Please can you elaborate on gsub and explain in short, how this one liner works?? please.
Thor over 11 years

@CraigSanders: Agreed, that soon becomes too complicated. I did find a simpler two tier sed alternative which I added to my answer.
Stéphane Chazelas over 11 years

That solution doesn't work in cases like echo '"", "asd"' | perl -pe 's/"(.+?[^\\])"/($ret = $1) =~ (s#,##g); $ret/ge'
Thor over 11 years

You can make it more general with conditional branching and more readable with ERE, e.g. with GNU sed: sed -r ':r; s/("[^",]+),([^",]*)/\1 \2/g; tr; s/"//g'.
CocoaEv almost 10 years

Thank you!
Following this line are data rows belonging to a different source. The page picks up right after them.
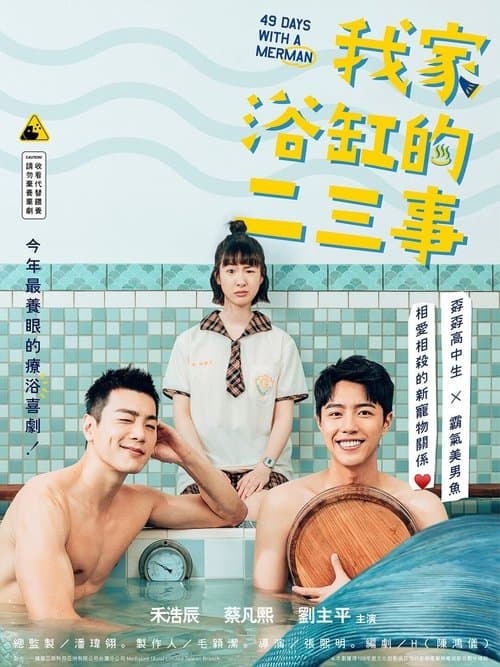 49 Days With a Merman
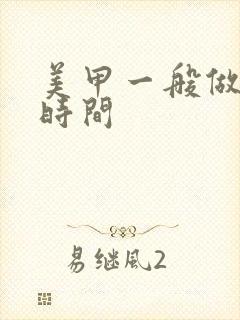 美甲一般做多长时间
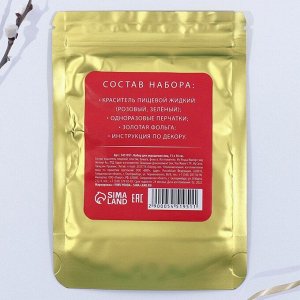 Набор для украшения яиц с жидкими красителями «Cияние» на пасху, 11 х16 см.
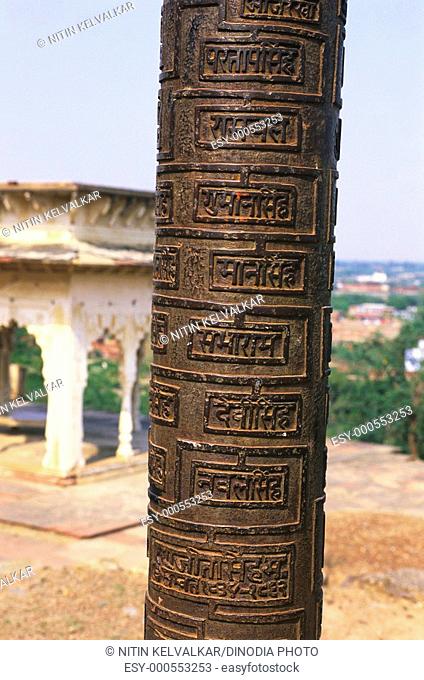 Loha Stamba iron pillar name of Kings embossed Jawahar Burj , Lohagarh fort , Bharatpur , Rajasthan , India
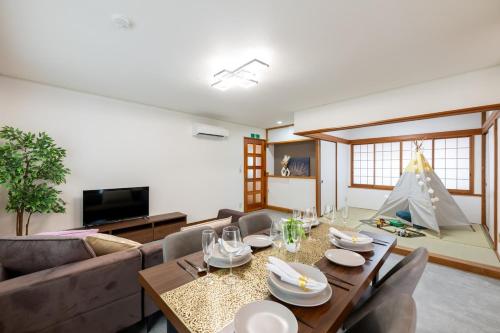 Vacation Rental Nagumo301 — 4-Star Luxury Hotel in Tokyo, Japan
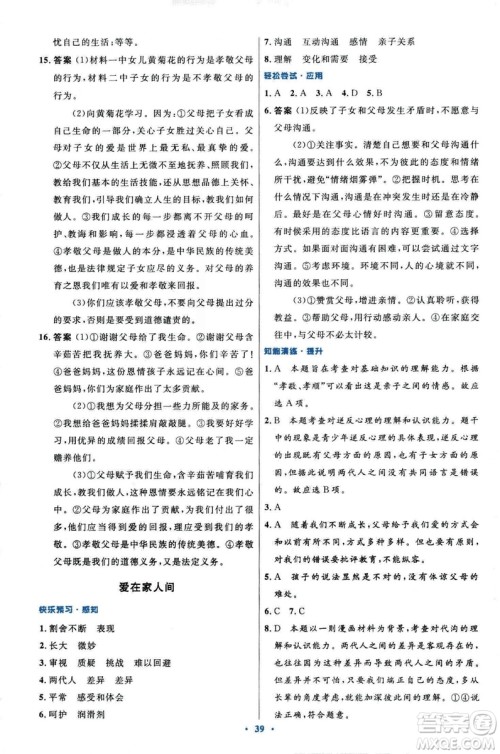 2018年初中同步测控优化设计道德与法治七年级上册人教版答案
This scripts works really well, but could you explain the lonely 1 at the end of the script? -- } 1' --
Thor almost 10 years

@CocoaEv: It executes { print $0 }. I added that to the explanation as well.
tricasse about 9 years

Works also with nested quotes. Awesome, thanks!
Olivier Dulac over 7 years

this approach has a problem: sometimes the csv has rows that span several lines, such as: prefix,"something,otherthing[newline]something , else[newline]3rdline,and,things",suffix (ie: several lines, and nested "," anywhere within a multi-line double-quoting : the whole "...." part should be rejoined and inside , should be replaced/removed ... ) : your script won't see pairs of double quotes in that case, and it's not really easy to solve (need to "rejoin" lines that are in an "open" (ie, odd-numbered) double quote...+take extra care if there is also an escaped \" inside the string)
KIC over 7 years

while I liked this solution initially, it turned out to be incredible slow for big files ...
Danton Noriega over 5 years

Loved this solution but I tweaked it given I often like to keep the commas but still want to delimit. Instead, I switched the commas outside the quotes to pipes, converting the csv to a psv file: awk -F'"' -v OFS='"' '{ for (I=1; i<=NF; i+=2) gsub(",", "|", $i) } 1' infile
Anne van Rossum almost 4 years

Tried it on the command itself. :-) echo ':a;s/^$\([^"]*,\?\|"[^",]*",\?$*"[^",]*\),/\1 /;ta' | sed ':a;s/^$\([^"]*,\?\|"[^",]*",\?$*"[^",]*\),/\1 /;ta' becomes :a;s/^$\([^"]* \?\|"[^" ]*",\?$*"[^",]*\),/\1 /;ta
avocado over 2 years

echo '1,2,"abc,de,f",10' | sed ':a;s/"$[^",]*$,$.*$"/"\1 \2"/;ta'
they over 2 years

You'd use csvformat -d '^' to convert the file back to using commas as delimiters. However, what you're doing seems to work, but only because all non-delimiting commas are removed.